Si l’on en croît la série de représentants autoproclamés qui défilent sur les plateaux de TV, les gilets jaunes ne comptent pas désarmer. Ils envisagent plutôt de rebondir sur le terrain politique à la faveur des prochaines échéances électorales et se veulent même porteurs d’une mesure historique: le référendum d’initiative citoyenne (RIC).
L’augmentation du pouvoir d’achat n’en reste pas moins la revendication centrale, somme toute légitime face à un pouvoir qui fait ouvertement le choix de privilégier le patronat et les couches aisées au nom de la théorie fumeuse du ruissellement.
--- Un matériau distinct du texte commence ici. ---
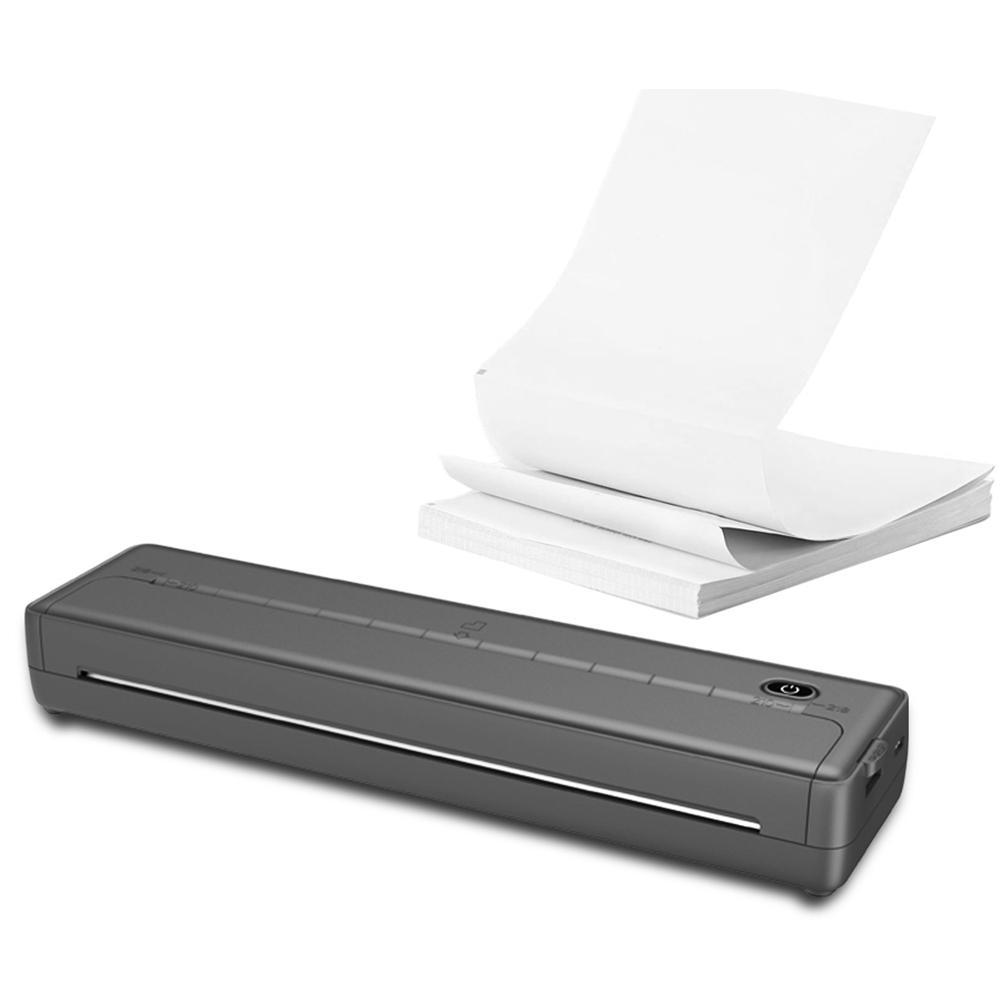 Портативный термопринтер формата А4 с разрешением 203 точек на дюйм, беспроводной мобильный принтер для печати этикеток без чернил, емкостью 100 листов бумаги для смартфона и ПК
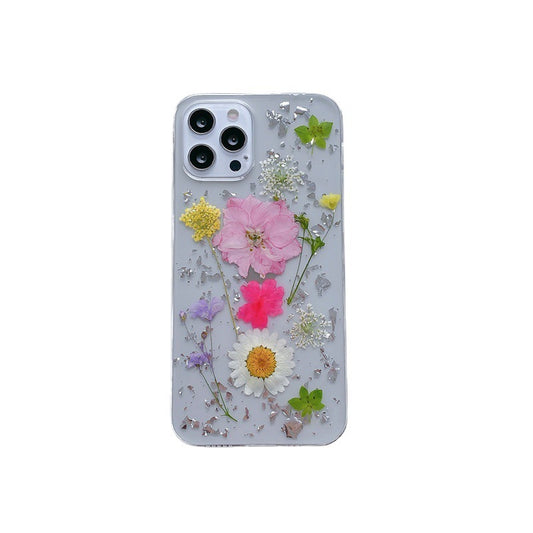 Silver Foil Dried Flower Phone Case - Epoxy Transparent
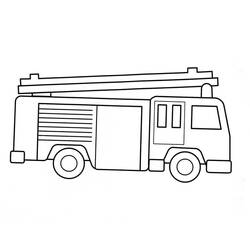 Dessin à colorier: Camion de Pompier (Transport) #185311 - Coloriages à Imprimer Gratuits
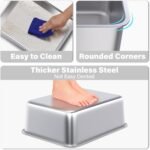 Stainless Steel Litter Box, 20"x14"x6"(Height) Large Metal Litter Box, Easy to Clean, Non Stick No Smell Steel Litterbox for Adult Cats/Kitty - Image 6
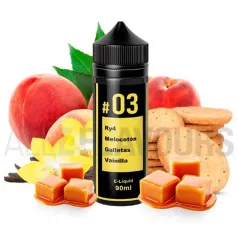 Líquido vapeo mezcla de Ry4 con galleta, melocotón y vainilla  90 ml de TOB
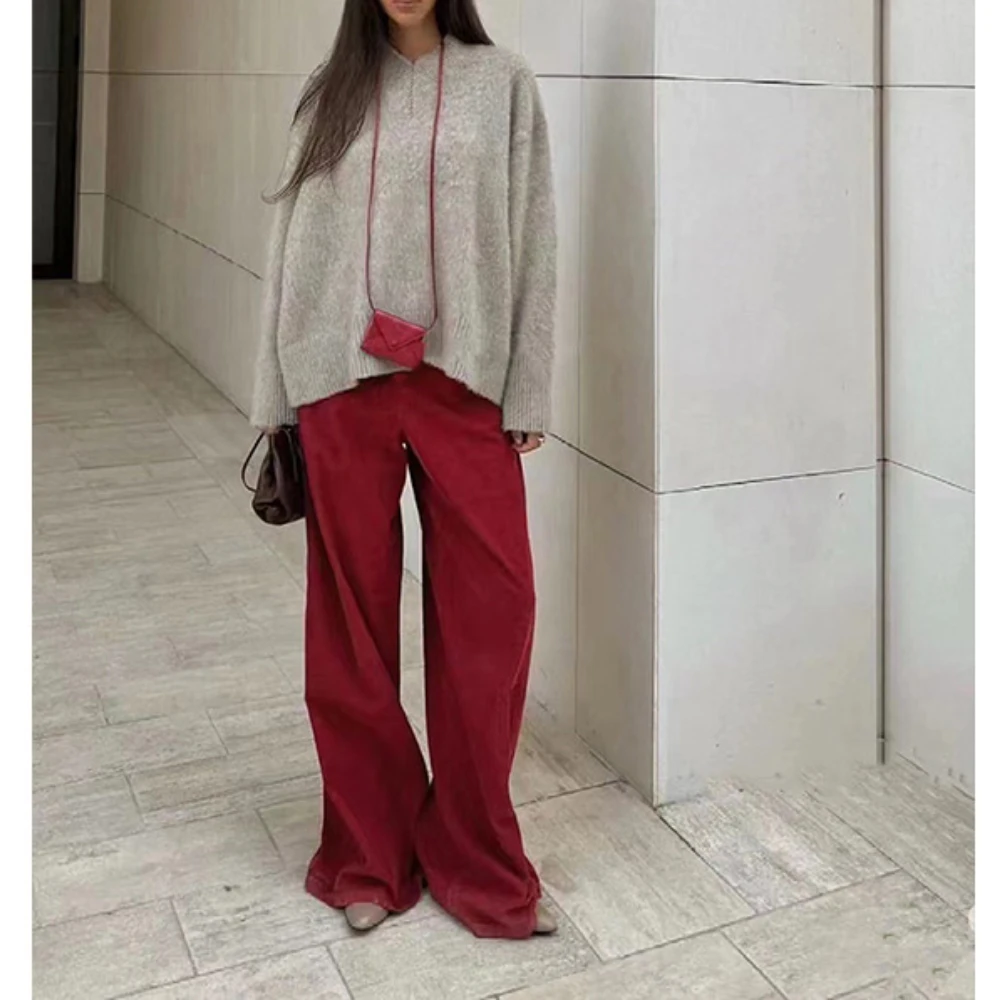 Women's Red Christmas Corduroy Wide-legged Pants Early Fall New Trailing Casual Pants Loose and Thin Sweatpants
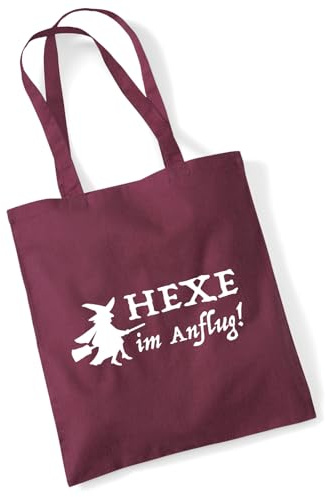 Huuraa Jutebeutel Hexe im Anflug Geschenk | Baumwollbeutel 10 Liter Stoffbeutel Beutel aus Baumwolle Tasche Geschenkidee Einkaufstasche Langen Henkel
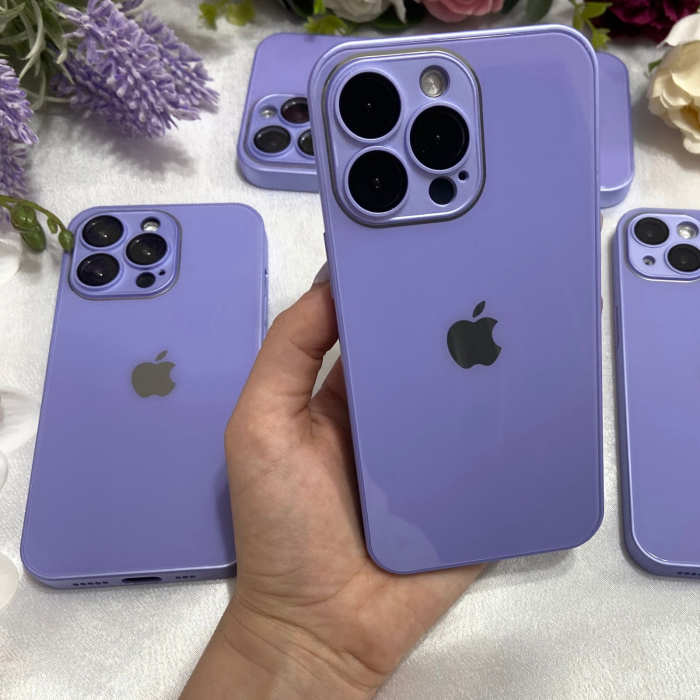 Husa din Sticla si Silicon cu Protectie Lentile Camera pentru iPhone 15 Pro, Purple-Glossy [2]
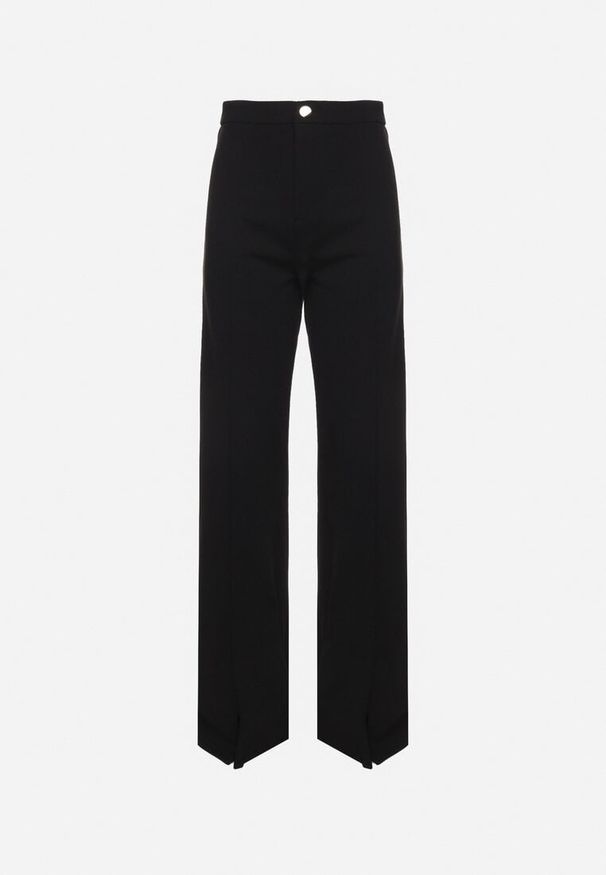 Born2be - Czarne Szerokie Spodnie z Wysokim Stanem i Wiskozą Ozdobione na Dole Rozcięciami Xolea. Okazja: na co dzień. Stan: podwyższony. Kolor: czarny. Materiał: wiskoza. Długość: długie. Wzór: aplikacja. Styl: klasyczny, casual, elegancki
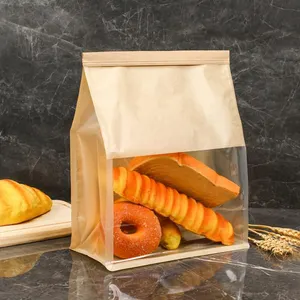 Tas roti kertas dapat ditutup kembali dengan Windows Logo kustom tas kertas barang dagangan kemasan kertas roti dengan jendela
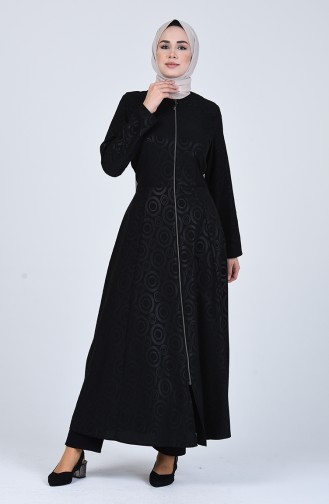 Abaya mit Reissverschluss 1083-01 Schwarz 1083-01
Retraités, salariés pauvres, artisans et petits patrons, tous tétanisés par le spectre de la pauvreté, du chômage, de la faillite, se rejoignent ainsi dans un même élan de révolte. Ce faisant, ils se démarquent des partis traditionnels et des syndicats, entendent creuser leur propre sillon et remodeler le paysage politique.
A regarder de plus près, les gilets jaunes adoptent tout compte fait la même doctrine qu’Emmanuel Macron en campagne. Tout comme lui, ils se disent ni de droite ni de gauche, prétendent s’adosser à la société civile, apporter un nouveau souffle à la vie politique, remettre les choses à l’endroit dans la société. A la différence du chef de l'Etat, ils la jugent en revanche profondément inégalitaire, scandaleusement injuste.
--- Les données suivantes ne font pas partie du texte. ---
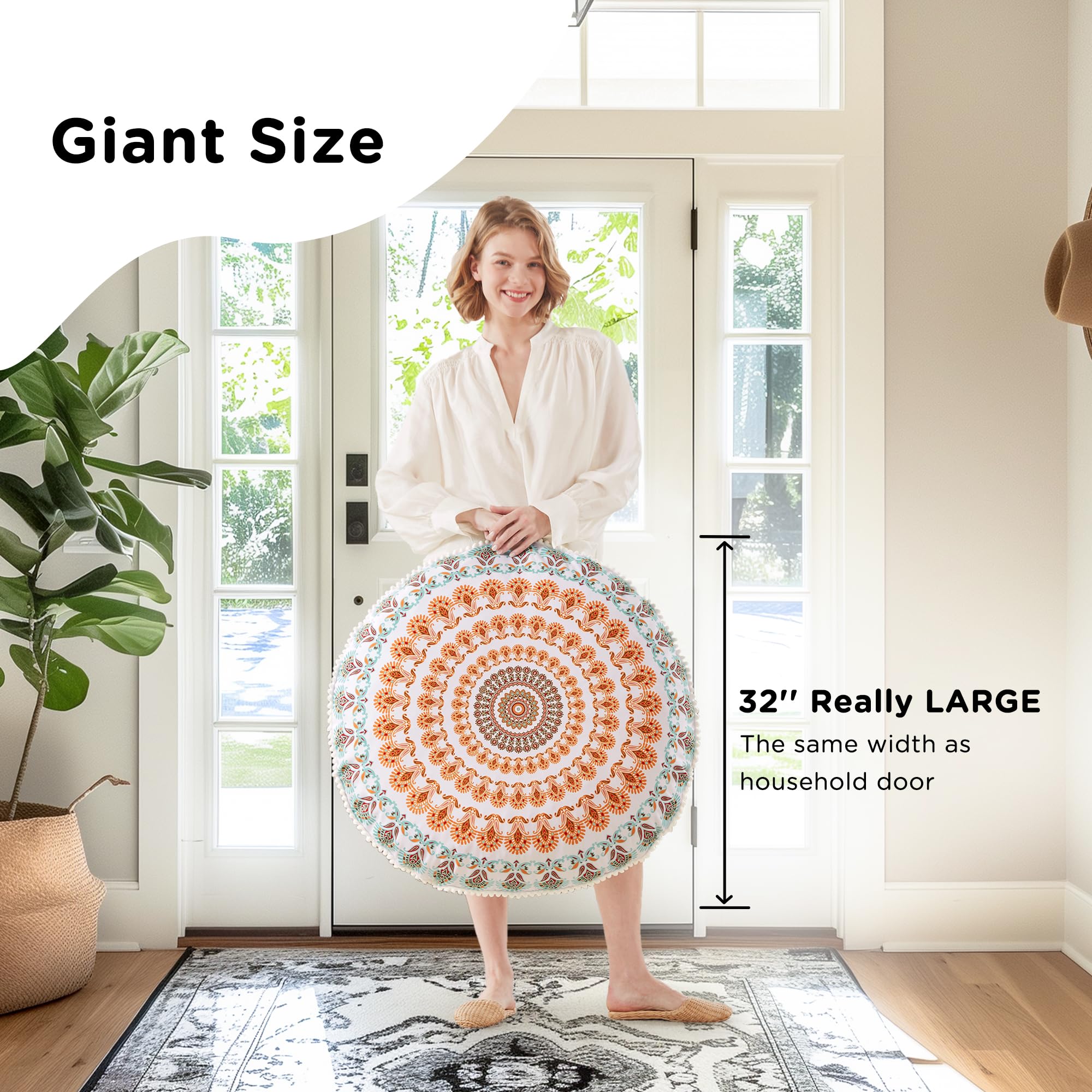 Codi Meditation Floor Pillow, Round Large Pillows Seating for Adults, Bohemian Mandala Circle Cushion for Outdoor Fireplace Yoga Living Room, 32 Inch, Memory Foam Added, Coral - Image 4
La République en Marche, formation au pouvoir, et les gilets jaunes seraient-ils finalement le produit d’un seul et même phénomène : le déclin des partis et des syndicats ? On peut valablement penser que tel est le cas.
Cette régression a ouvert la voie au candidat Macron, prince du Cac 40, réputé moderne et pragmatique. L’artisan d’un projet illusoire, en fait, dans une France en panne. La peur du Front National et l’abstention ont fait le reste.
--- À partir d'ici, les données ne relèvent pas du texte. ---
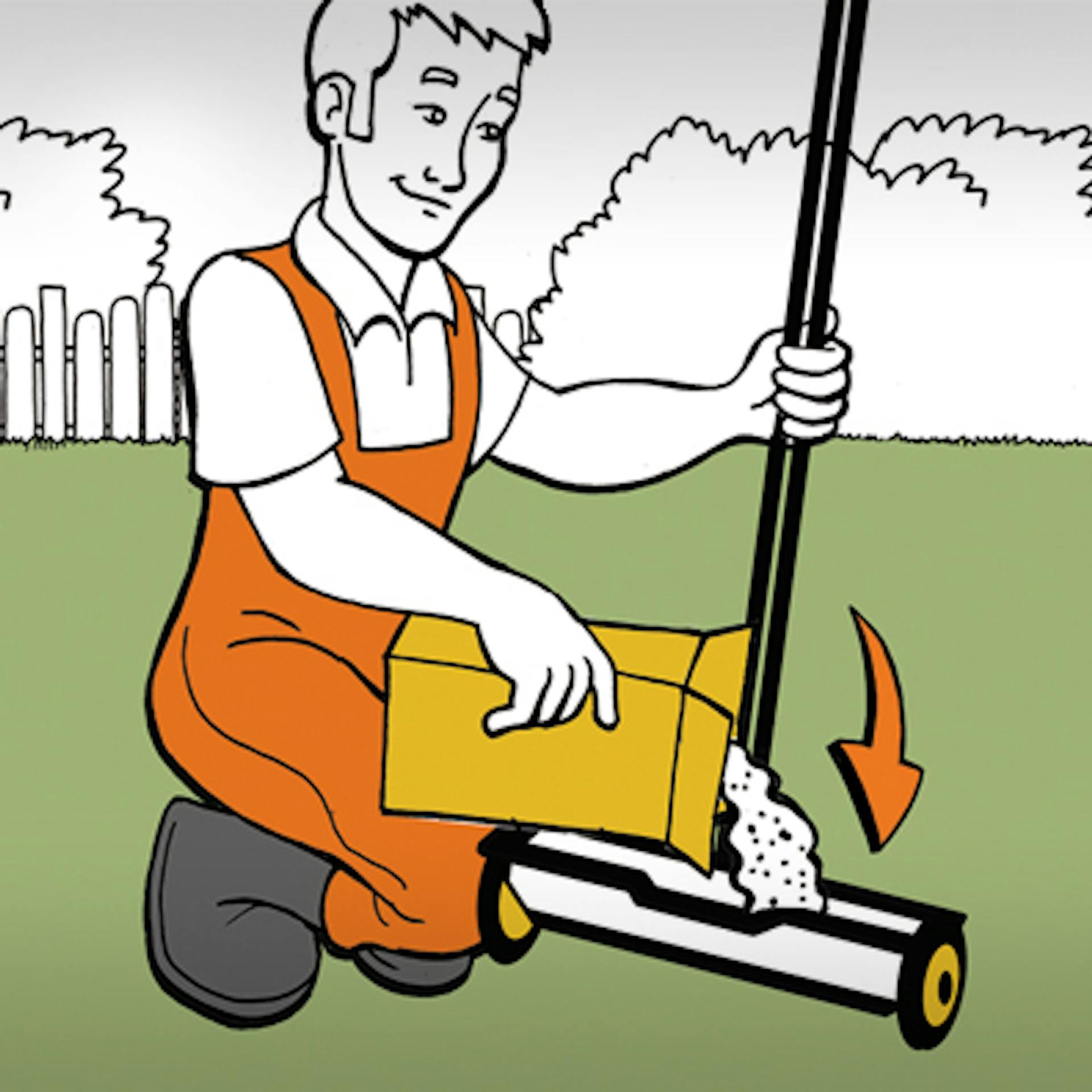 Gyeptrágyát töltenek a szórókocsiba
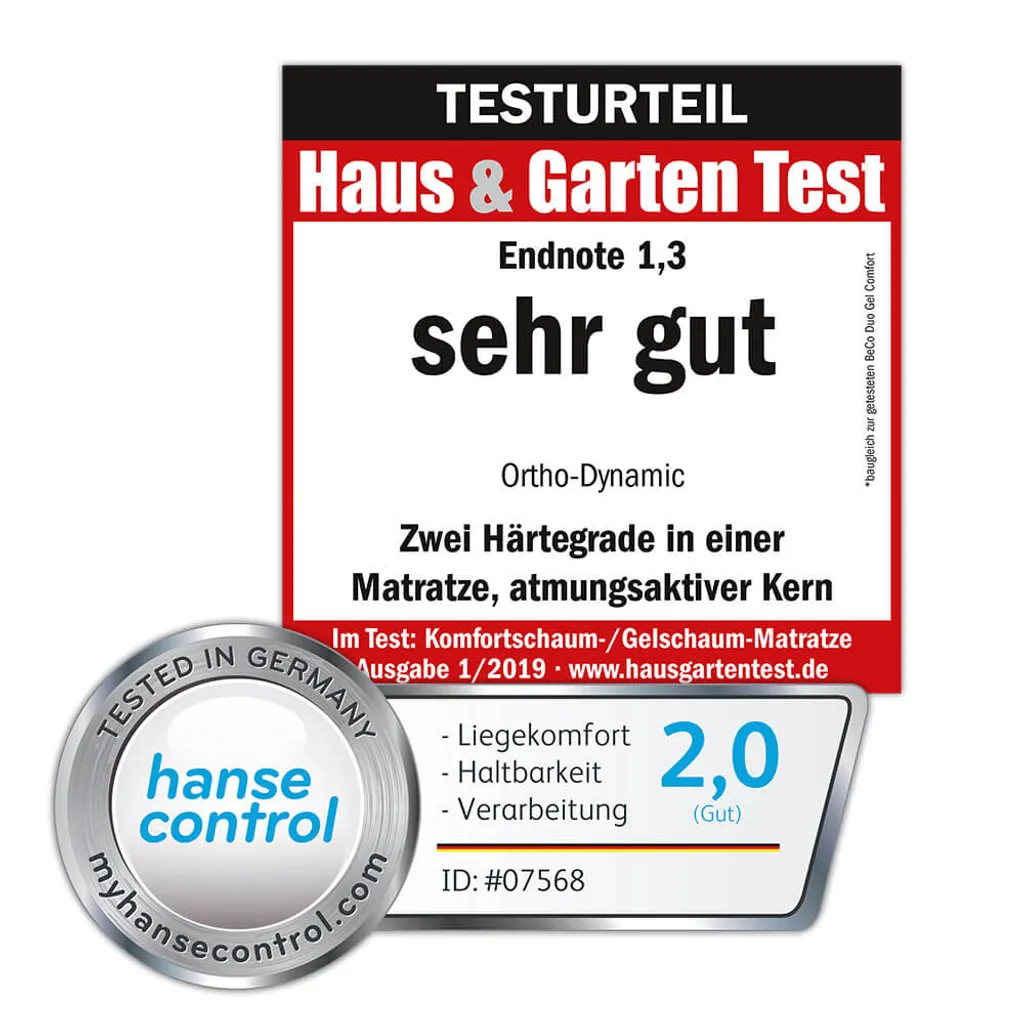 HOME DELUXE - Matratze Ortho DYNAMIC 140 X 200 Cm Weich - Mittelfest Doppelmatratze Komformatratze Waschbare Matratze – Bild 7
Dès lors, les gilets jaunes peuvent-ils à leur tour émerger au-dessus de la mêlée, constituer et imposer une nouvelle force, intégrer les institutions de la République ? Rien n’est moins sûr.
Le mouvement est en réalité une masse au contenu hétéroclite, fortement divisée, malléable, exposée à toutes les manipulations. Il n'émergera pas en tant que tel. L’extrême droite l’a bien compris, elle a aussitôt distillé ses slogans de haine, imprégné ses idées nauséabondes, infiltré le moindre espace, fabriqué des leaders… Exploiter la détresse de laissés-pour-compte, la belle aubaine !
Les autres formations, cantonnées au rôle de spectateurs, tentent à leur tour de racoler auprès des gilets jaunes. Elles découvrent que le terrain est déjà conquis et miné. Les fachos ont pris de l’avance. Ils attendent les premières récoltes pour les européennes de mai prochain. Ils n’en espèrent pas moins pour les municipales et même au-delà.
Marine Le Pen boit du petit lait. Son parti, le Rassemblement national, joue sur du velours. Il ne pouvait s'attendre à mieux.
L’explosion des gilets jaunes assombrit l’avenir immédiat de la société française. Celle-ci est désormais coincée entre le Macronisme, un projet sournois du grand capital contre le modèle social français, et la menace d’un populisme totalitaire et fascisant.
Il revient aux partis de gauche, à ce qu’il en reste, de se rassembler, et vite, pour enfin tenter une sortie de ce tunnel.